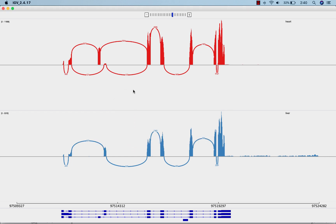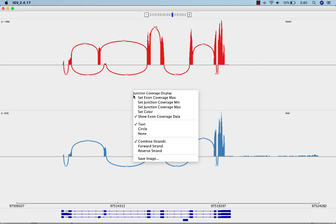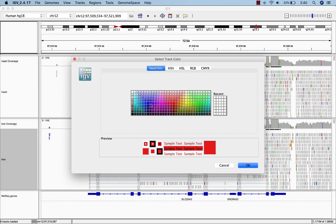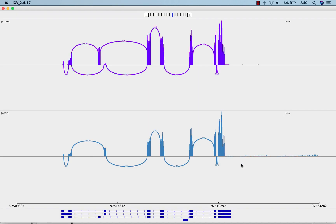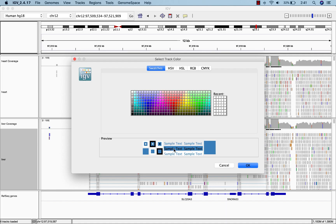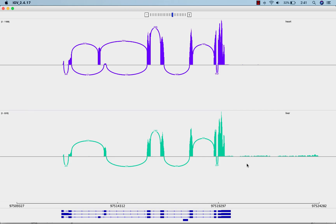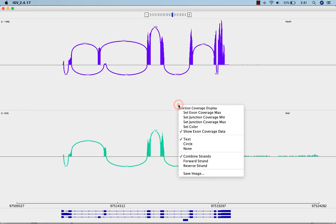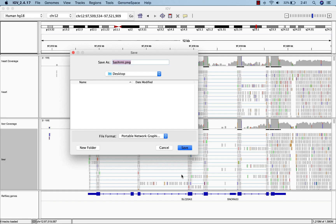When you're happy with your sashimi plot, you can change the color of the tracks as a final touch. And if you right-click and select save image, you can share the plot with others.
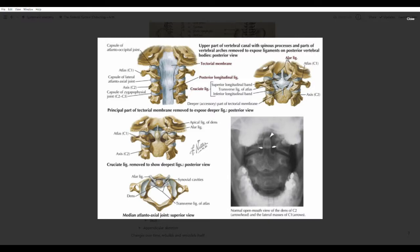On top of all of that, we have a ligament called the tectoral membrane. The tectoral membrane is basically the beginning of the posterior longitudinal ligament, which is a ligament that runs all the way from the beginning of the back to the end. Here's a very general picture of it — I think this is one of the most important pictures, so keep it in mind.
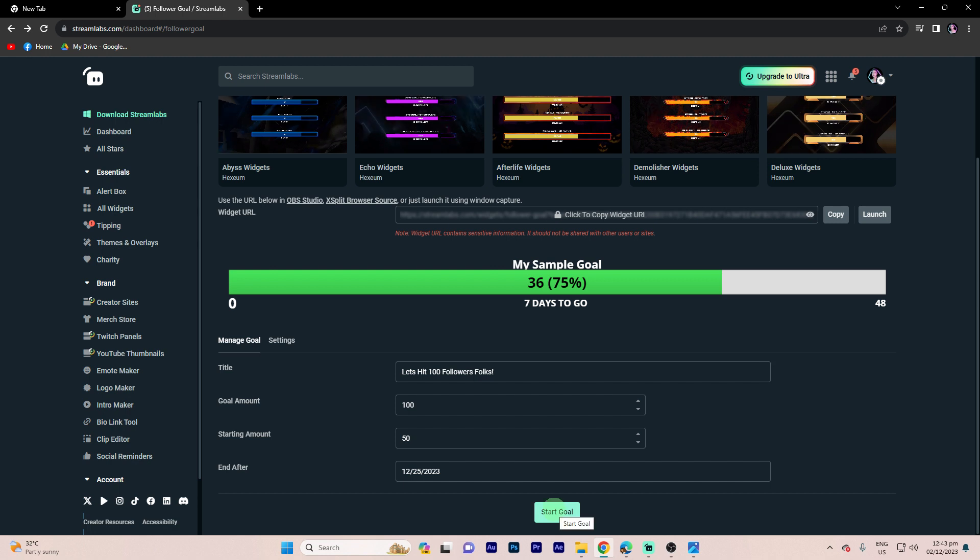Important note: You might need to resize and reposition the browser source within your OBS scene to integrate the follower goal seamlessly into your stream.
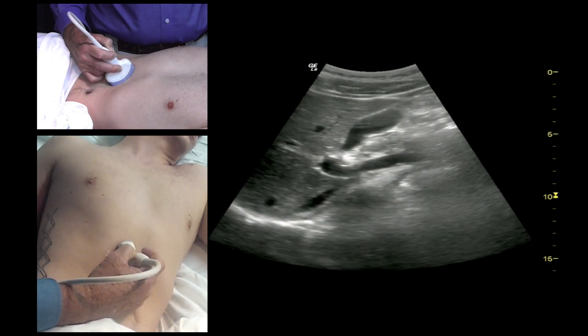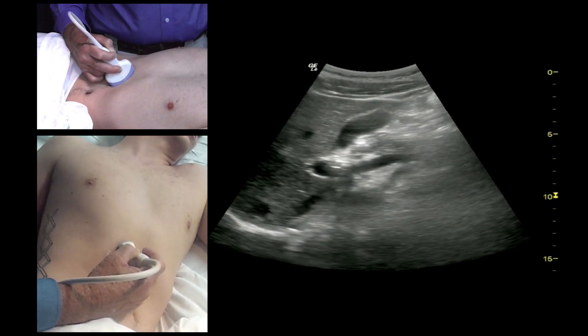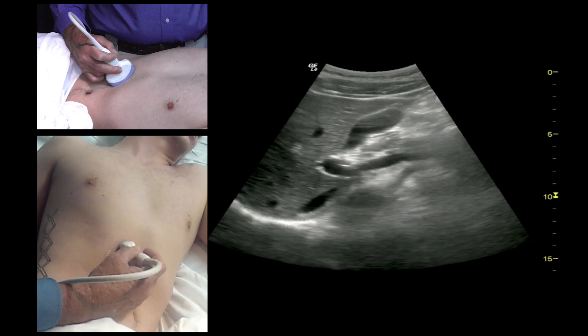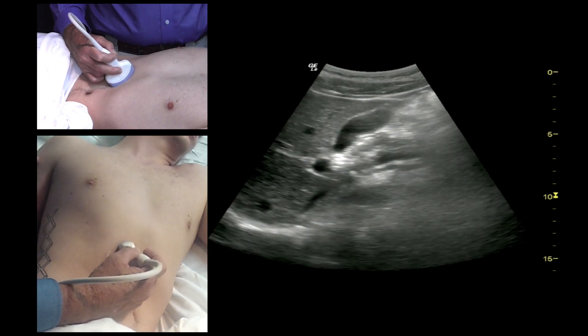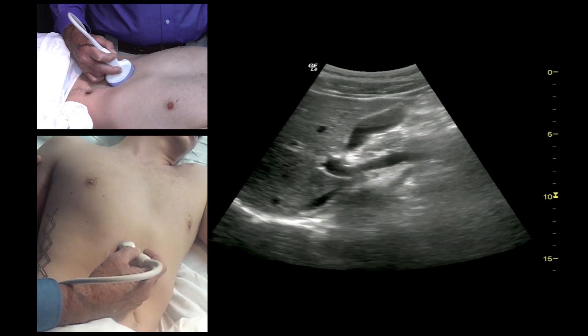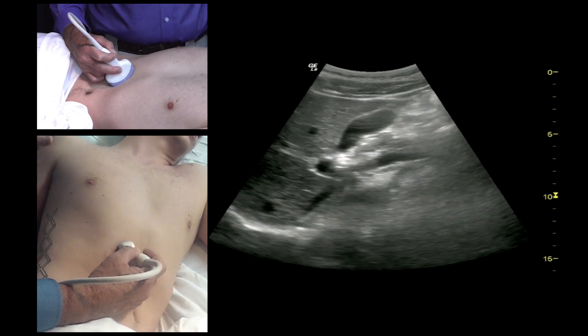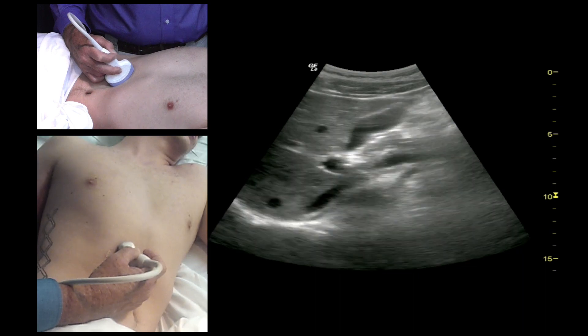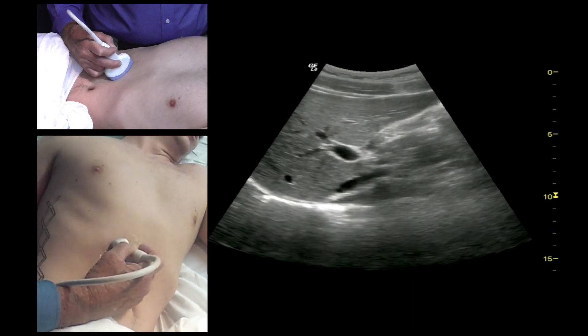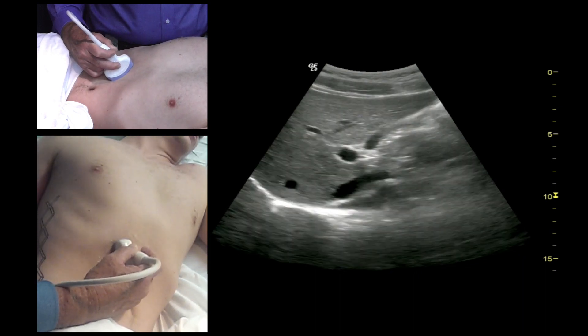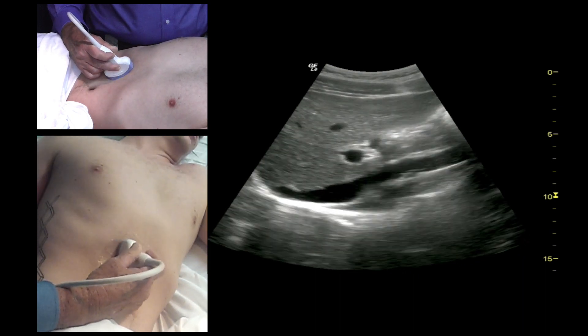If you're having trouble imaging the gallbladder, you can have the patient roll into a left lateral decubitus position, or you can have him take a deep breath and hold it, which pushes the gallbladder down toward the probe.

========================================================================

* **Activity**:
Set down the data again, exactly, without images.

* **Exercise response**:
When you're happy with your sashimi plot, you can change the color of the tracks as a final touch. And if you right-click and select save image, you can share the plot with others.
On top of all of that, we have a ligament called the tectoral membrane. The tectoral membrane is basically the beginning of the posterior longitudinal ligament, which is a ligament that runs all the way from the beginning of the back to the end. Here's a very general picture of it — I think this is one of the most important pictures, so keep it in mind.
Important note: You might need to resize and reposition the browser source within your OBS scene to integrate the follower goal seamlessly into your stream.
If you're having trouble imaging the gallbladder, you can have the patient roll into a left lateral decubitus position, or you can have him take a deep breath and hold it, which pushes the gallbladder down toward the probe.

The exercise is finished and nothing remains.